Every entry that follows is to be set down exactly, with its pictures omitted.

(Records from a data source)

════════════════

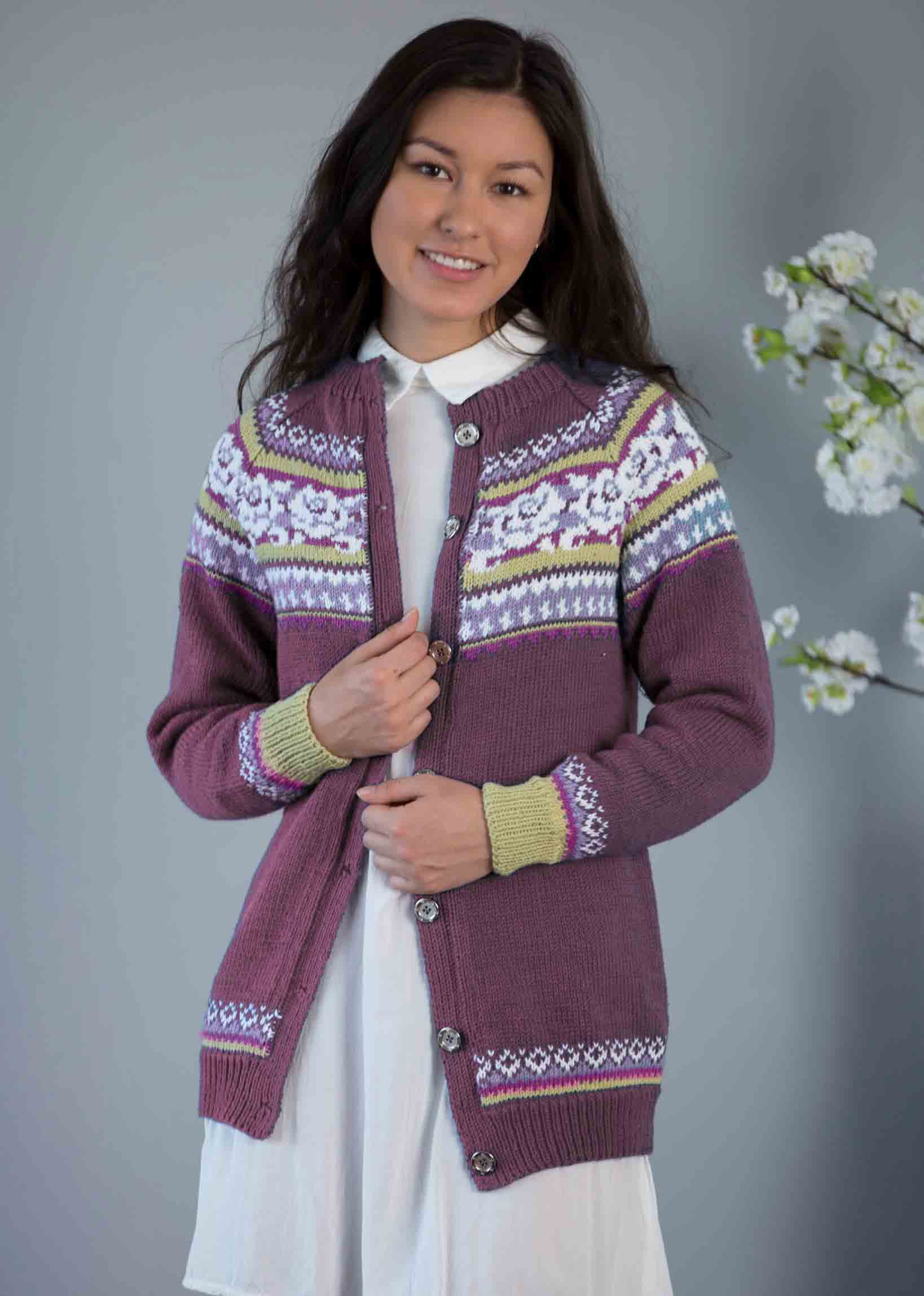 1808-8 Megan jakke mørk lilla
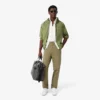 Chino-broek van katoen twill met normale pasvorm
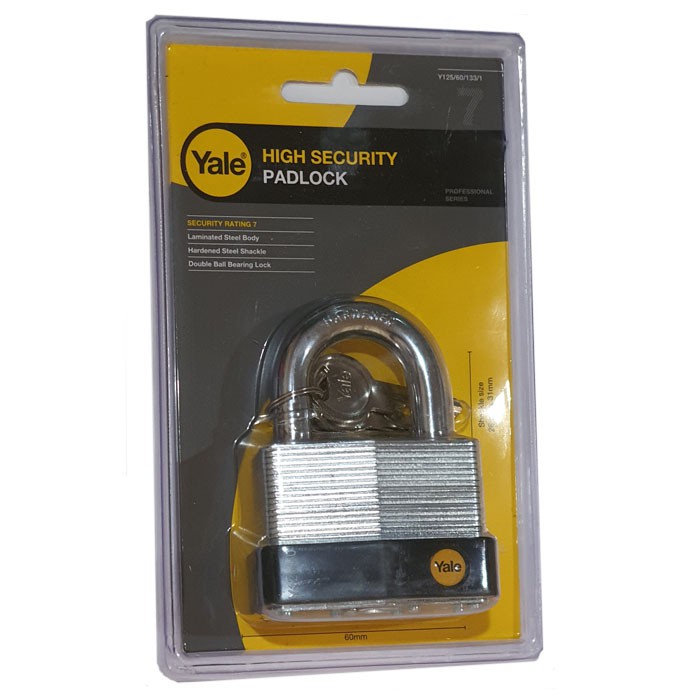 Yale Gembok Y125-60-133-1 - 60mm Laminated Steel Padlock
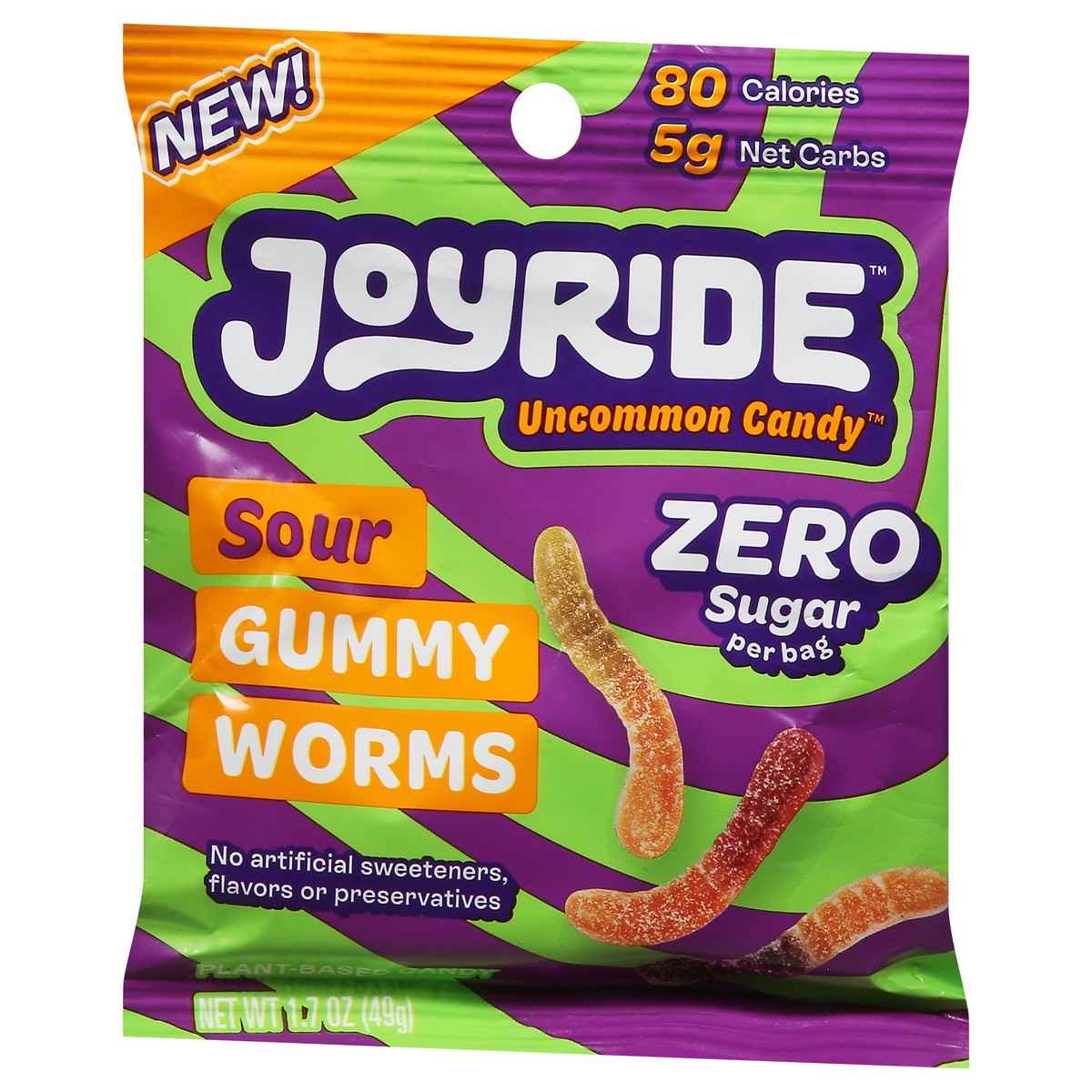 slide 6 of 9, Joyride Gummy Worms Sour Candy 1.7 oz, 1.7 oz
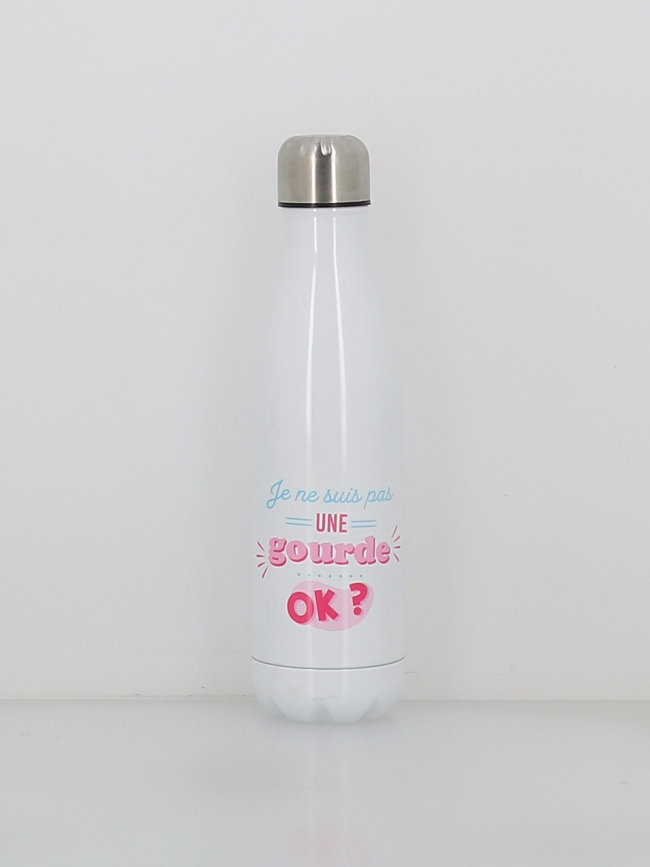 Gourde isotherme je ne suis pas une gourde 500ml blanc - Stc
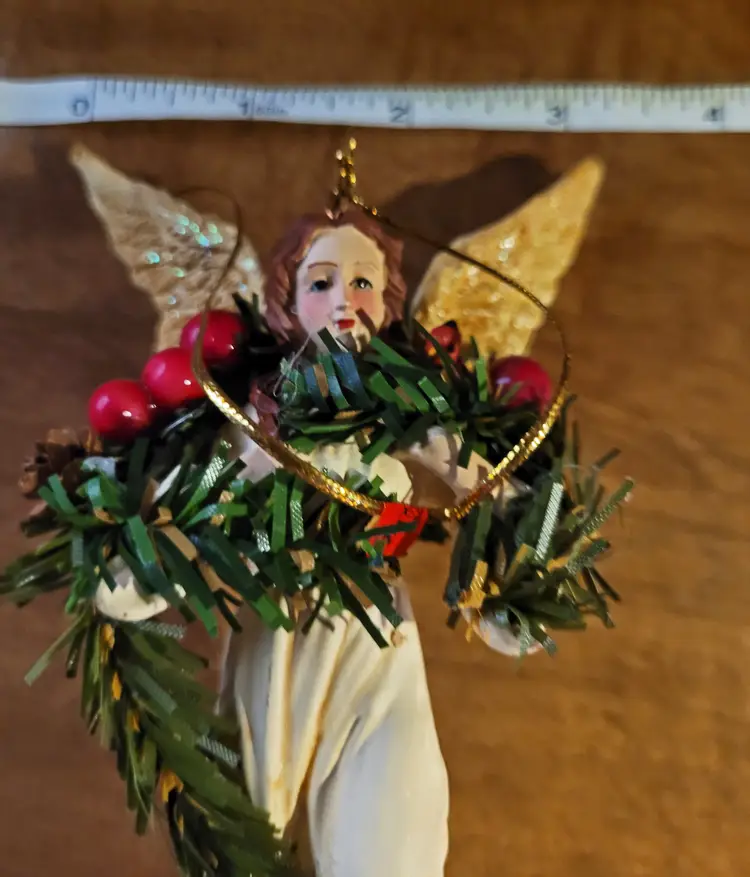 Vintage Christmas Angel with Garland c.1998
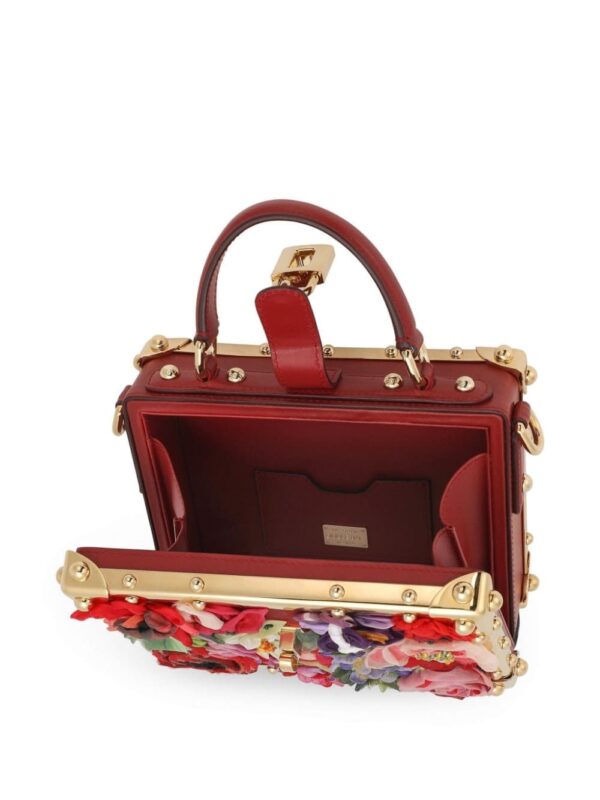 Dolce & Gabbana Dolce Box floral-appliqué tote bag - Image 4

════════════════

## Answer
 1808-8 Megan jakke mørk lilla
 Chino-broek van katoen twill met normale pasvorm
 Yale Gembok Y125-60-133-1 - 60mm Laminated Steel Padlock
 slide 6 of 9, Joyride Gummy Worms Sour Candy 1.7 oz, 1.7 oz
 Gourde isotherme je ne suis pas une gourde 500ml blanc - Stc
 Vintage Christmas Angel with Garland c.1998
 Dolce & Gabbana Dolce Box floral-appliqué tote bag - Image 4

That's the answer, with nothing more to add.